Kenya has officially converted its multi-billion shilling Standard Gauge Railway (SGR) loan from the U.S. dollar to the Chinese Yuan in a strategic move aimed at cutting interest costs and easing pressure on the local currency.

According to Treasury Cabinet Secretary John Mbadi, the government completed the currency conversion of the Ksh646.15 billion (USD 5 billion) loan earlier this week, allowing the country to benefit from lower interest rates tied to the Yuan. The move is expected to save Kenya an estimated Ksh27.8 billion (USD 215 million) annually.

“The conversion aligns with global economic trends as nations diversify from dollar-based obligations to reduce currency and interest exposure,” Mbadi said during a media briefing on October 7, 2025.
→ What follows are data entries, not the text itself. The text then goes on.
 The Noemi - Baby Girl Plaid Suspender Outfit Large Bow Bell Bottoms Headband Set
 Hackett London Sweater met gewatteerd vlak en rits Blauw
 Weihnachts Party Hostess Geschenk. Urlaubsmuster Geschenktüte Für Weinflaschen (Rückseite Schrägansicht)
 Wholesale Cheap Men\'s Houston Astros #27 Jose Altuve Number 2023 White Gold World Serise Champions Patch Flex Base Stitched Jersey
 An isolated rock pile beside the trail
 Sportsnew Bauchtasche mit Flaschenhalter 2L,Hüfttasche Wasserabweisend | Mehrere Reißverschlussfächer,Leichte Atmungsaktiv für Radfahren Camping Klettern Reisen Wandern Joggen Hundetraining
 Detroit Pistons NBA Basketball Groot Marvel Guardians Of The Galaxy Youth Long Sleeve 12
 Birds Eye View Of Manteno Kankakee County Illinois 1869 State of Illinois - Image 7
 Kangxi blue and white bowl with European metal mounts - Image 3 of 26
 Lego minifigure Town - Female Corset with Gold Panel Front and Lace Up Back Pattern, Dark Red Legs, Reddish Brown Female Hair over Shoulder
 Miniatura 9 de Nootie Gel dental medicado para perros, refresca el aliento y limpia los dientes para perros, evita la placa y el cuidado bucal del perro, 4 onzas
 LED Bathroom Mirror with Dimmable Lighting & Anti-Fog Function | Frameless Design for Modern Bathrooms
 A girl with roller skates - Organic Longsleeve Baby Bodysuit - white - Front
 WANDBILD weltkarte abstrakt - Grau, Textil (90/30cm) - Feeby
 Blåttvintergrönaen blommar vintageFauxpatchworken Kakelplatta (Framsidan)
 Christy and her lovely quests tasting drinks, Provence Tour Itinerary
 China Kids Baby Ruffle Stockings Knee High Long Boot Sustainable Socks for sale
Kenya initially signed the SGR financing deal with China in 2013, marking one of the largest infrastructure partnerships under Beijing’s Belt and Road Initiative in Africa. The loan financed the construction of the modern railway linking Mombasa and Nairobi, a project that remains a cornerstone of Kenya’s transport network.

By shifting repayment from the dollar to the Yuan, the Treasury hopes to stabilize the shilling and reduce demand for U.S. currency in the local market — a factor that has often contributed to exchange rate volatility. Financial analysts believe the move will also strengthen Kenya’s foreign exchange reserves by reducing the need to purchase large volumes of dollars for debt servicing.

“Reducing Kenya’s dollar dependency will enhance the stability of the shilling, improve import cover, and attract investor confidence,” said an economist at the Central Bank of Kenya.

The government’s latest strategy comes amid growing global momentum toward de-dollarization, as several developing nations adopt local or alternative currencies in trade and debt repayments.

Kenya’s shift also reflects its broader fiscal realignment efforts after months of economic strain and public protests over tax reforms. Following the suspension of the contentious 2024 Finance Bill, President William Ruto’s administration has turned to debt restructuring and currency diversification as part of a long-term plan to restore financial sustainability.

Economists view this move as a bold yet necessary step toward reducing debt distress risks while maintaining crucial diplomatic and financial ties with China — Kenya’s biggest bilateral lender.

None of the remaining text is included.